Ja, die neue Empfindsamkeit zarter Seelen, die gepeinigt aufschreien, sobald ein starker Spruch gegen die eigenen „Lieblinge“ fällt, die aber gar nicht zimperlich sind, wenn es darum geht, ihre „Feindlinge“ zu brandmarken. Eine ziemlich unreife und einseitige Eigenschaft, die man in früheren Zeiten, als starke Sprüche noch etwas galten, treffend als „kindisch“ oder „weibisch“ gekennzeichnet hätte, ohne dass es jemandem eingefallen wäre, daraus schließen zu wollen, dass alle Kinder oder alle Frauen überhaupt und auf ewige Zeiten „kindisch“ bzw. „weibisch“ wären.

So aber denken gerne bildungswissenschaftlich hochgezüchtete, durch „Szene-“ oder „Social Media“-Blasen immunisierte Rufezeichen- Schreiber, die sich fürchterlich empören über so genannte „rassistische“, „faschistische“, „frauenfeindliche“ oder „homophobe“ Sager. Und die sich ihrerseits ohne größere Hemmungen erlauben, andere mit weiteren Schimpf- und Schande-Wörtern aus ihrem Giftschrank nach Strich und Faden herunterzumachen. Aus dieser Denkhaltung und Schreib-Unart ist über Twitter und Co. eine regelrechte neue Feme entstanden: eine Art von Netzgerichtsbarkeit mit Urteilsvollstreckung bei Anklage. (Man gestatte mir das Wortspiel “Femenismus”).
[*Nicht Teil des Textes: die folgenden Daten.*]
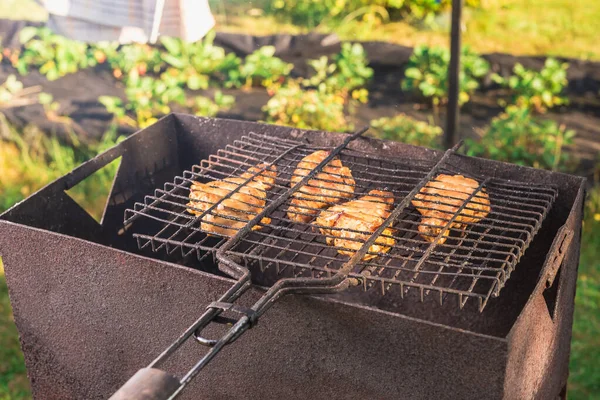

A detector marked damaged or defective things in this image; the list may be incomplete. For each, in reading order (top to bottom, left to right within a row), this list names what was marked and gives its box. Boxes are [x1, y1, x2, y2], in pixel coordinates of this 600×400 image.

rusty metal surface [0, 115, 584, 400]
rusty metal grill [125, 130, 556, 310]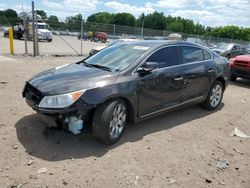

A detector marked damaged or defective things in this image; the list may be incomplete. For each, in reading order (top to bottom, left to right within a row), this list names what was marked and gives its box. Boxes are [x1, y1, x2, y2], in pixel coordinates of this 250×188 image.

damaged front end [22, 82, 95, 134]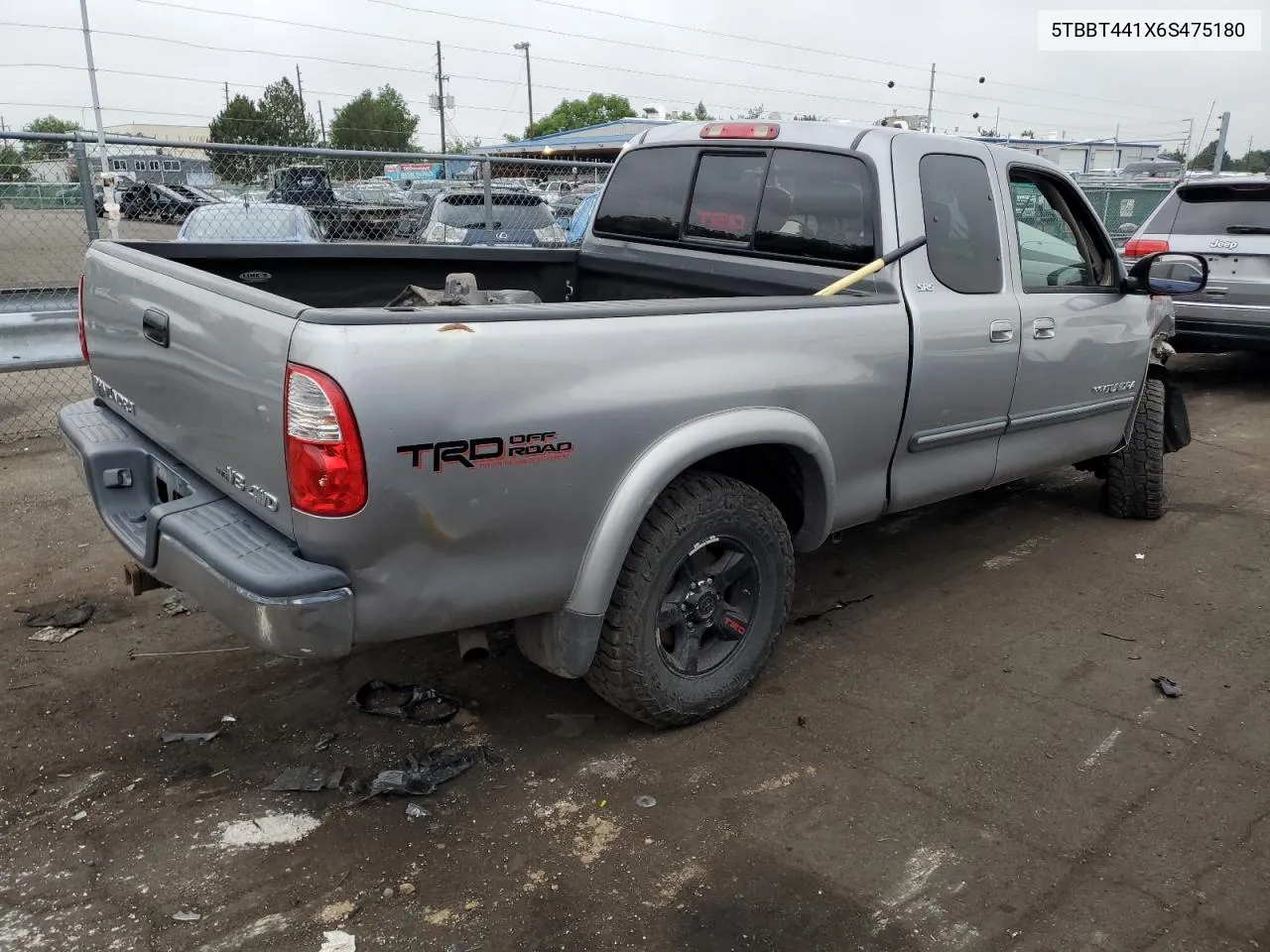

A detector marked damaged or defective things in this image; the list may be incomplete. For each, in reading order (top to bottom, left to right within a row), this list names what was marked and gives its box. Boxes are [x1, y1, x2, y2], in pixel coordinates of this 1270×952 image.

broken plastic debris [15, 604, 93, 635]
broken plastic debris [28, 629, 82, 645]
broken plastic debris [350, 680, 459, 726]
broken plastic debris [546, 710, 594, 741]
broken plastic debris [268, 772, 345, 791]
broken plastic debris [373, 746, 482, 796]
broken plastic debris [319, 934, 360, 952]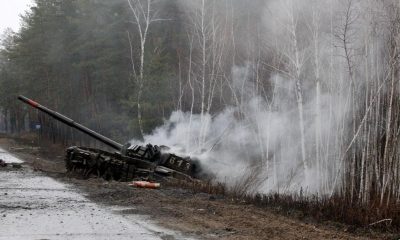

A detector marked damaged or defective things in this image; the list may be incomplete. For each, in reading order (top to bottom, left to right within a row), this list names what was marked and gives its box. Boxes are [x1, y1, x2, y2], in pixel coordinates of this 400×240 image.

burned vehicle [18, 94, 199, 181]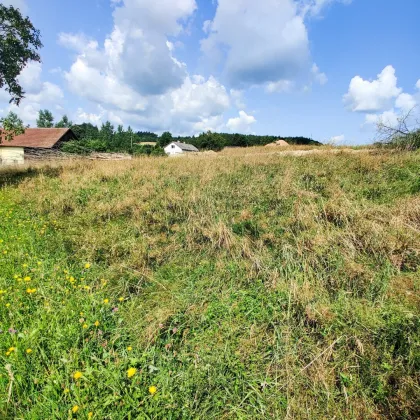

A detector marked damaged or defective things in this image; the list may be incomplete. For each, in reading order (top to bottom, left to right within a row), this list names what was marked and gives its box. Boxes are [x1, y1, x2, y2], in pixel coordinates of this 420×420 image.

rusty metal roof [0, 128, 74, 149]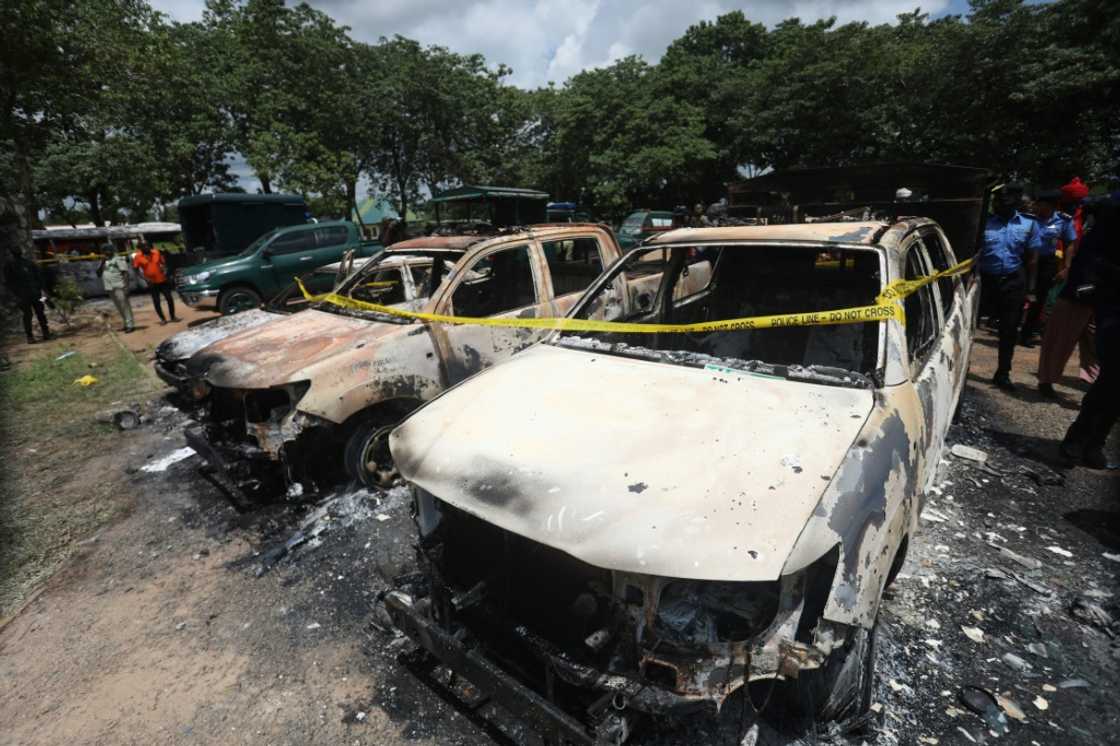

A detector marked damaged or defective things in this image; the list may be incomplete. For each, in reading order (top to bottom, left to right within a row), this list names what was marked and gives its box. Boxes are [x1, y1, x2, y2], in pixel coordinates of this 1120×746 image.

burnt vehicle [155, 258, 372, 396]
charred suv [184, 225, 656, 500]
burnt vehicle [185, 224, 680, 496]
fire-damaged car [185, 227, 688, 500]
fire-damaged car [384, 212, 980, 736]
charred suv [384, 215, 980, 740]
burnt vehicle [390, 214, 984, 732]
damaged windshield frame [548, 240, 888, 390]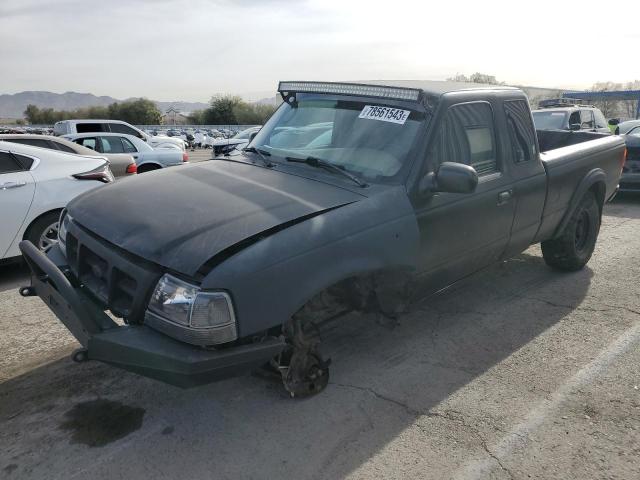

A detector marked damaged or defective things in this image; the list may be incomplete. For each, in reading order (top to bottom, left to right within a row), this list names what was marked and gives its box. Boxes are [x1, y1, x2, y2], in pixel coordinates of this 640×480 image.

cracked concrete [1, 196, 640, 480]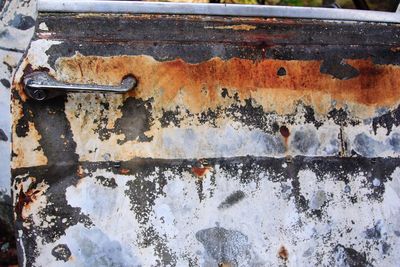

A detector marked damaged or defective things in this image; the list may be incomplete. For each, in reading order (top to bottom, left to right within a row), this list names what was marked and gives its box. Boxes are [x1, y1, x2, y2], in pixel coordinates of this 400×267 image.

rust stain [54, 55, 400, 116]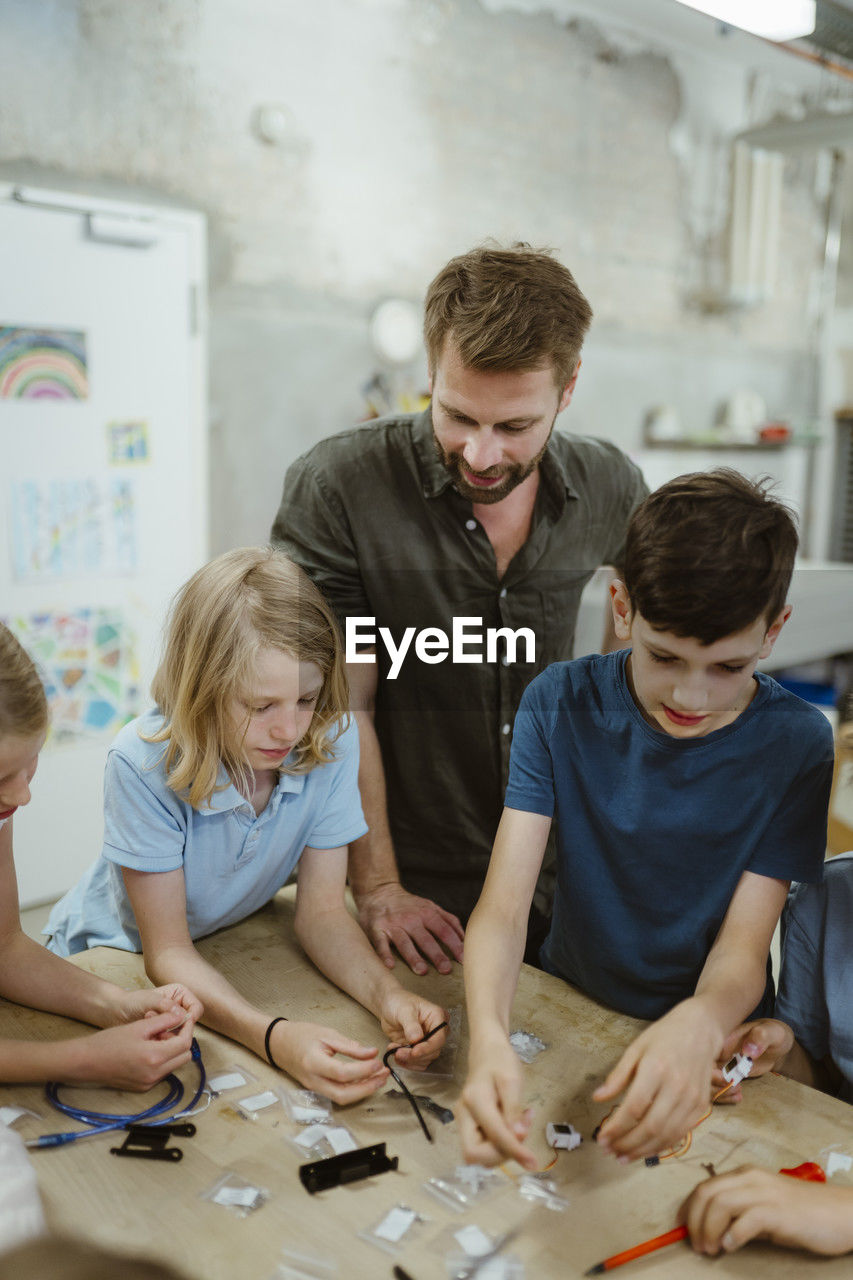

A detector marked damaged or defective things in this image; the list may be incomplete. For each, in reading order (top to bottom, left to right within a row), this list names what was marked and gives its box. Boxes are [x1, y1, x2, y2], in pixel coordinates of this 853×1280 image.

cracked plaster wall [0, 0, 824, 550]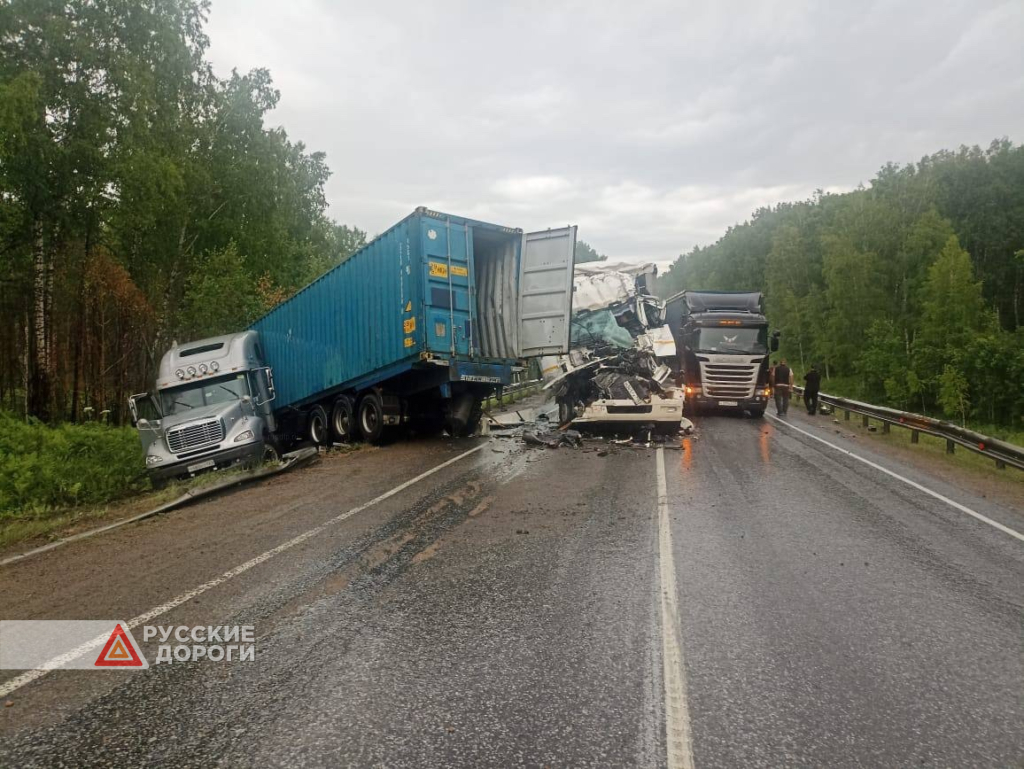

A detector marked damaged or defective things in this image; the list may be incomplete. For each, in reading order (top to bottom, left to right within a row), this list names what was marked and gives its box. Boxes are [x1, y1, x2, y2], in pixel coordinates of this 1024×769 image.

wrecked white truck cab [540, 264, 684, 434]
damaged guardrail section [798, 387, 1024, 473]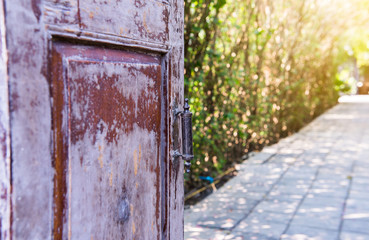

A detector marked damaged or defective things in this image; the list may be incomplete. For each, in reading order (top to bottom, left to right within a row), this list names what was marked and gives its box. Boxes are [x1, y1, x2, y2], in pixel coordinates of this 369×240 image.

rusty metal handle [173, 98, 194, 172]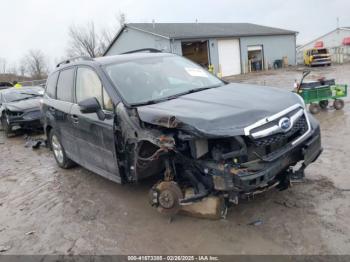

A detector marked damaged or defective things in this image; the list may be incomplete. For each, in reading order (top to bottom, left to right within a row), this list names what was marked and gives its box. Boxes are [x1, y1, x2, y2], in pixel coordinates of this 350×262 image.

severe front-end damage [113, 85, 322, 218]
crumpled hood [136, 83, 300, 137]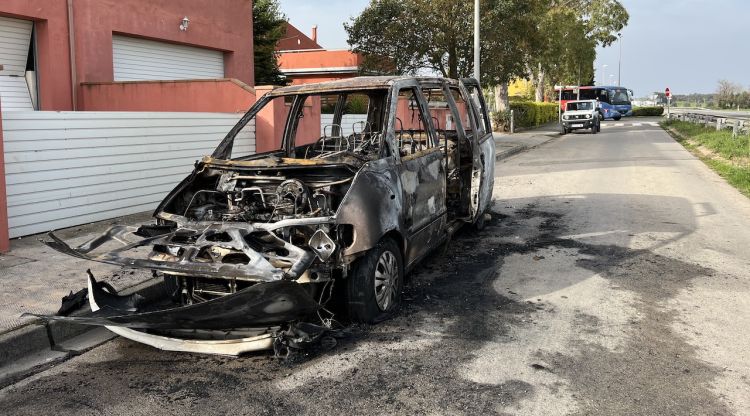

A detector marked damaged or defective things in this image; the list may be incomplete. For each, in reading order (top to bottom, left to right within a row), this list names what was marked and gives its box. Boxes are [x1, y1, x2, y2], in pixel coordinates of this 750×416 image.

burned car [44, 75, 496, 354]
charred car body [44, 75, 496, 354]
burnt tire [346, 237, 406, 324]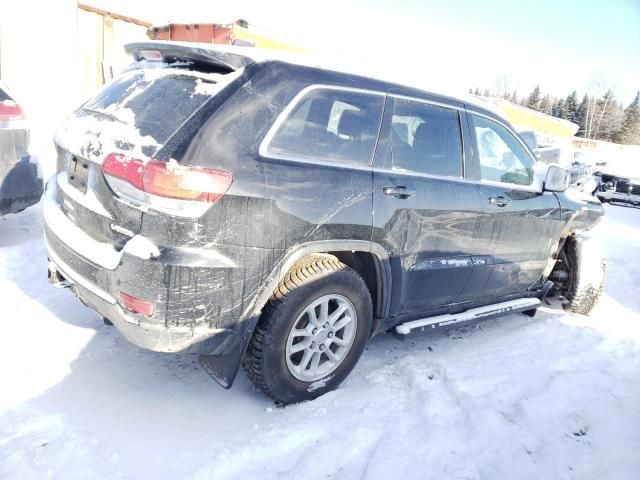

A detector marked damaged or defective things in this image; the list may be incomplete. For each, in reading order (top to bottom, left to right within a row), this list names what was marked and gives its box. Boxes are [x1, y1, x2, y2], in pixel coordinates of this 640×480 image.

damaged black suv [43, 41, 604, 404]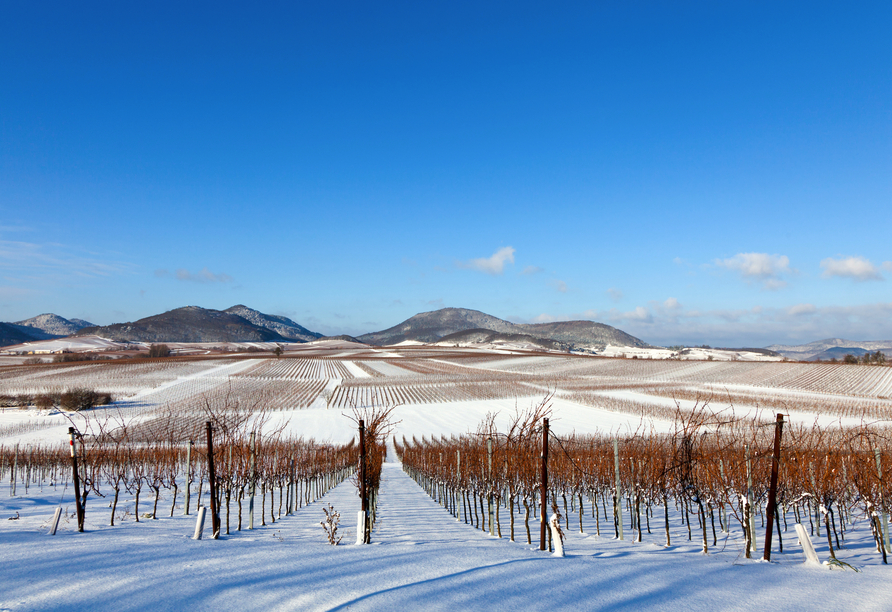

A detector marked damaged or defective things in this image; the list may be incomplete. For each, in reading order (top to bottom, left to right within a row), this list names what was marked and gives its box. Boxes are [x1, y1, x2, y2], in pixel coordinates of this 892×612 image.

rusty metal post [67, 428, 84, 532]
rusty metal post [764, 414, 784, 560]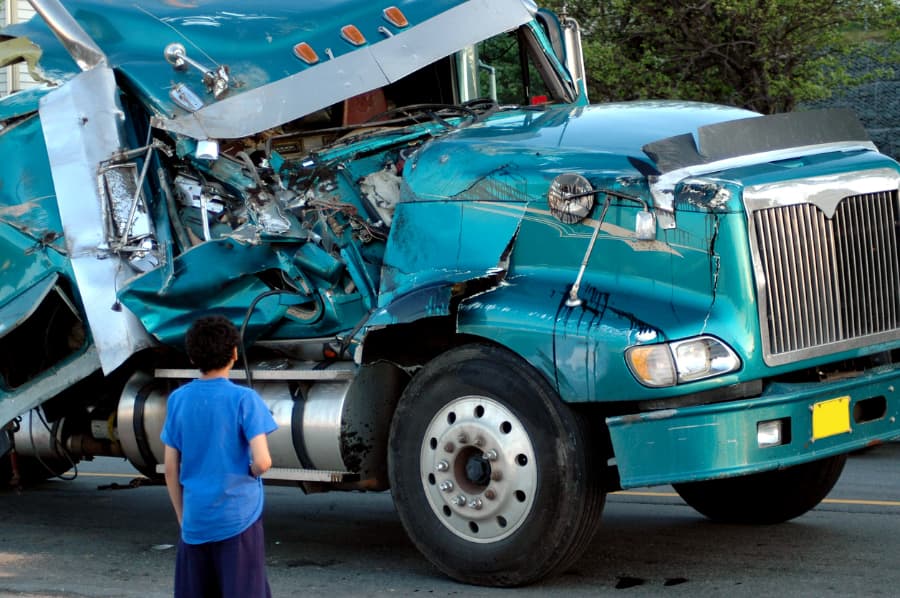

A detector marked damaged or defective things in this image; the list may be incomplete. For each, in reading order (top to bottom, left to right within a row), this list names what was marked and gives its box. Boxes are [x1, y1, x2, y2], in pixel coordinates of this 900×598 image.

torn metal panel [38, 67, 154, 376]
crumpled hood [402, 99, 760, 200]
Dass unser junger Herr „Nestbeschmutzer“ nichts von Schützen (impotente) und nichts von Andreas Hofer (immer besoffen) hält, das wollen wir ihm aufgrund der erlittenen Bildungsmanipulation durch die Opa-Generation – siehe oben – in urig tyrolischem Gleichmut durchgehen lassen („Jo wenn du moansch…“).

Doch sollte ein schriftliches Unternehmen dieser Art wenigstens im Nachgang anerkennen müssen, dass es einen „Rassismus“ alla rovescia verübt. Auch in der Rolle rückwärts ist es immer das gleiche pauschale Niedermachen einer Gruppe durch die Schmähung Einzelner oder einzelner Merkmale oder einzelner Vorkommnisse im Namen eines vermeintlichen Besserseins oder kraft einer grundlos vorausgesetzten (intellektuellen, moralischen oder sonstigen) Überlegenheit. Dieser neue und fast schon hypochondrische Moralismus geht nicht anders als der alte Antisemitismus, Stalinismus oder auch der schablonenhafte Antigermanismus.

Während die als „Rassisten“ verfemten Herrenmenschen-Denker von 1900 wenigstens den einen und anderen Grund ins Feld zu führen hatten, warum sie die „weiße Rasse“ gegenüber Menschen mit anderen Merkmalen als überlegen ansahen, so wird in der neuen Empfindsamkeit nicht einmal mehr der Ansatz einer intellektuellen Standortbestimmung geliefert. Denn wenn ein „skolast“-Südtiroler im Jahr 2021 andere Südtiroler verächtlich als Kleinbürgerliche anschmiert ohne sich selber gebührend auszuweisen, als was erachtet sich der Herr Student denn? Deren Edle von Fischnaller sind jedenfalls bis auf Weiteres unbekannt.